▶ _Work to be completed_
Starting with the line that holds "Creek Style™ Camouflage Trucker Hat", copy out each remaining line of the listing below, up to and including the last one, and include nothing else.

▶ _The data_

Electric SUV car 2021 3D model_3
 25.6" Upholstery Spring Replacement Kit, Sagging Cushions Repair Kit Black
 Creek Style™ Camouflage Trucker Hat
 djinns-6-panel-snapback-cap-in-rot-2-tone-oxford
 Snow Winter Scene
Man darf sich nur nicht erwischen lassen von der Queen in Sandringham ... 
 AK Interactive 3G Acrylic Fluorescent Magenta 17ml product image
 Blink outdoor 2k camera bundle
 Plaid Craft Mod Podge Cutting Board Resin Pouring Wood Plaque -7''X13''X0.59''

▶ _Solution to this exercise_
 Creek Style™ Camouflage Trucker Hat
 djinns-6-panel-snapback-cap-in-rot-2-tone-oxford
 Snow Winter Scene
Man darf sich nur nicht erwischen lassen von der Queen in Sandringham ... 
 AK Interactive 3G Acrylic Fluorescent Magenta 17ml product image
 Blink outdoor 2k camera bundle
 Plaid Craft Mod Podge Cutting Board Resin Pouring Wood Plaque -7''X13''X0.59''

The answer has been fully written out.